- Born: Ernestine Epps August 17, 1914 Norfolk, Virginia
- Died: September 23, 1991 (aged 77) Los Angeles, California
- Education: Columbia University
- Occupations: Actress, Activist, Talent Agent, Entrepreneur
- Spouse: George Wiltshire

= Ernestine McClendon =

American actress and first Black talent agent

Ernestine McClendon (1914 – 1991) was an American actress, comedian, activist, talent agent, and entrepreneur. She was the first Black talent agent in New York City, and the first talent agent to represent Black talent. Her career spanned the latter half of the 20th century.

== Early life ==

Ernestine McClendon was born Ernestine Epps in Norfolk, Virginia on August 17, 1914, to Edward E. Epps and Lillie Warren.

Epps was educated at Virginia State College, an HBCU. Then, from 1935 to 1936, she studied acting under Michael Howard at Columbia University. She married Horace McClendon in 1937, but was widowed shortly thereafter. Ernestine kept the surname McClendon for the rest of her life. She married her second husband, actor and comedian George Wiltshire, in the early 1950s. Together they adopted a daughter, Phyllis, born in 1948.

== Career in New York ==

McClendon had been acting since her time at Columbia University, but in 1950, she landed her first television role as Clementine on No Time for Comedy, and this launched her eighteen-year successful acting and comedy career. During the course of this career, she performed on television, in movies, and on stage in both on- and off-Broadway productions. Her very first comedy appearance was at the Apollo Theater in Harlem, alongside her husband and his partner, comedian Pigmeat Markham. She later made a guest appearance on the Ed Sullivan Show with Markham. In 1960, she played Lena Younger in a production of Lorraine Hansberry's A Raisin in the Sun.

Around 1960, McClendon noticed a crack in the unofficial ban on Black actors in advertising: a single television commercial that featured a Black actor. She decided to use that crack to her advantage and she began a one-woman letter writing campaign, targeting both acting agencies and product manufacturers, pushing them to hire Black actors for commercials. McClendon initially sent 100. Some of the responses she received expressed support for her efforts, adding they were not the persons responsible for casting commercials.

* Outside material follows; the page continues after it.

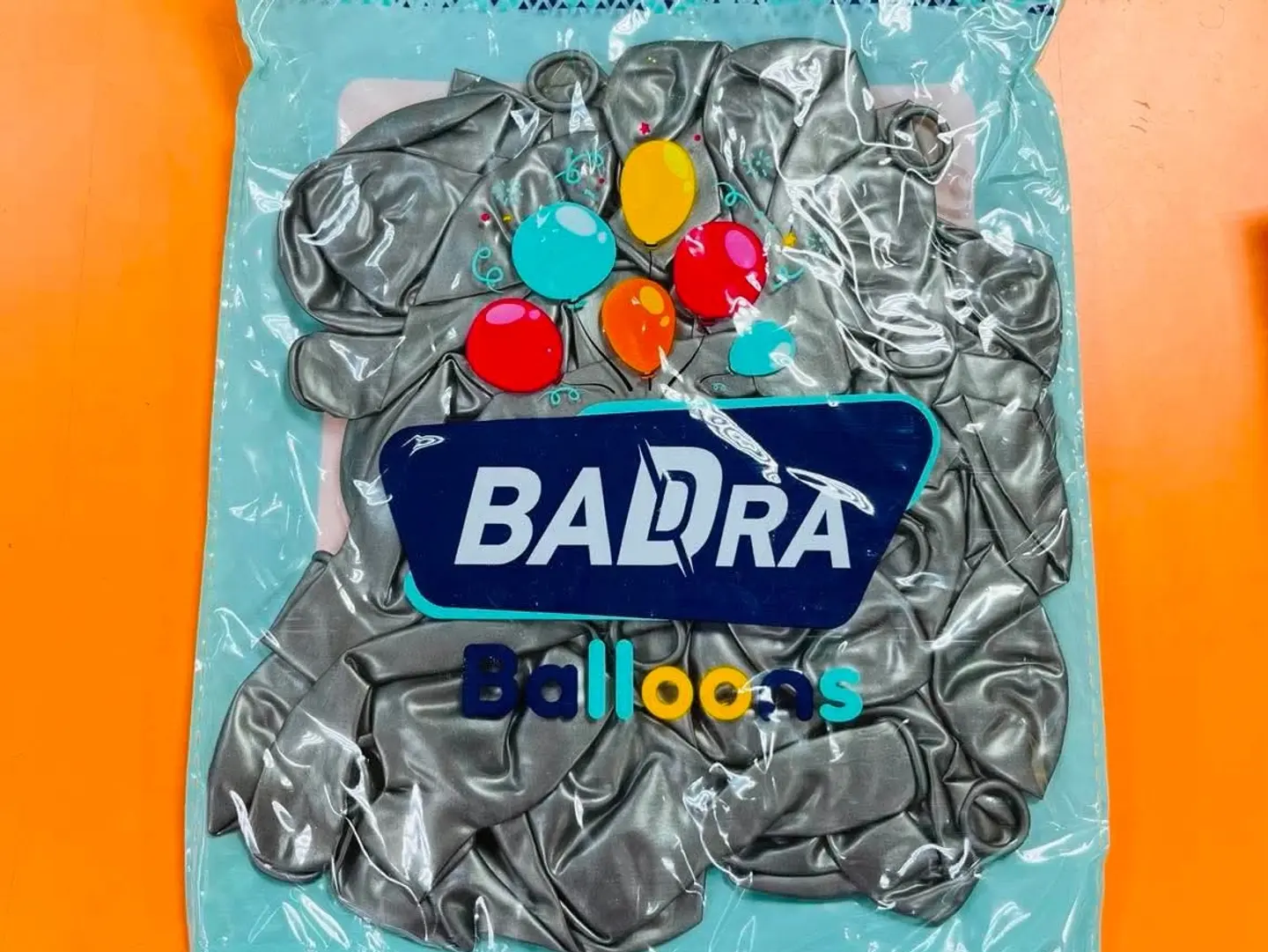 بالونات فضية سادة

She then sent 400 more letters.

McClendon's activism caught the attention of talent agent Lillian Arnold, who hired her to draw Black talent to Arnold's agency. From there, McClendon went on to manage actors of all races for Arnold's agency, and in 1963, she opened McClendon Enterprises. For much of the sixties, McClendon was a high-profile advocate for Black actors, placing clients in all kinds of roles including theater, television, movies, radio, and nightclubs.

McClendon was not only the first Black talent agent, and the first agent for Black talent; she was also the first woman in her field to be franchised by all four acting unions at the time—the American Guild of Variety Artists, the American Federation of Television and Radio Artists, Actors Equity, and the Screen Actors Guild—as a theatrical agent.

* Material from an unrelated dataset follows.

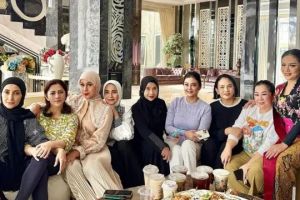 5 Potret reuni seleb era 90-an, geng artis yang menolak tua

== Later life in Los Angeles ==
In 1971, McClendon was in a car accident that caused a lasting injury to her leg. Feeling that a more temperate climate would allow her less pain, the McClendon-Wiltshire family relocated to California. They opened a West Coast office of McClendon Enterprises, but were forced to close the New York office. McClendon went on to work with notable clients such as Raymond St. Jacques, Gloria Foster, Gail Fisher, and Morgan Freeman.

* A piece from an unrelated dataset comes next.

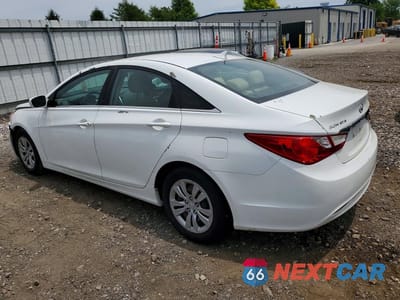 Drugie zdjęcie samochodu z przodu: 2011 HYUNDAI SONATA GLS VIN:5NPEB4AC9BH076936 - miniatura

In 1980, McClendon closed her agency and returned to performing. She appeared in the television series Remington Steele and the mini-series Atlanta Child Murders; movies Homer and Eddie and Secret Agent 00 Soul; and made her debut as a stand-up comedian in 1984, at the age of 71.

On September 23, 1991, Ernestine McClendon died of cancer at Good Samaritan Hospital in Los Angeles, California, at the age of 77.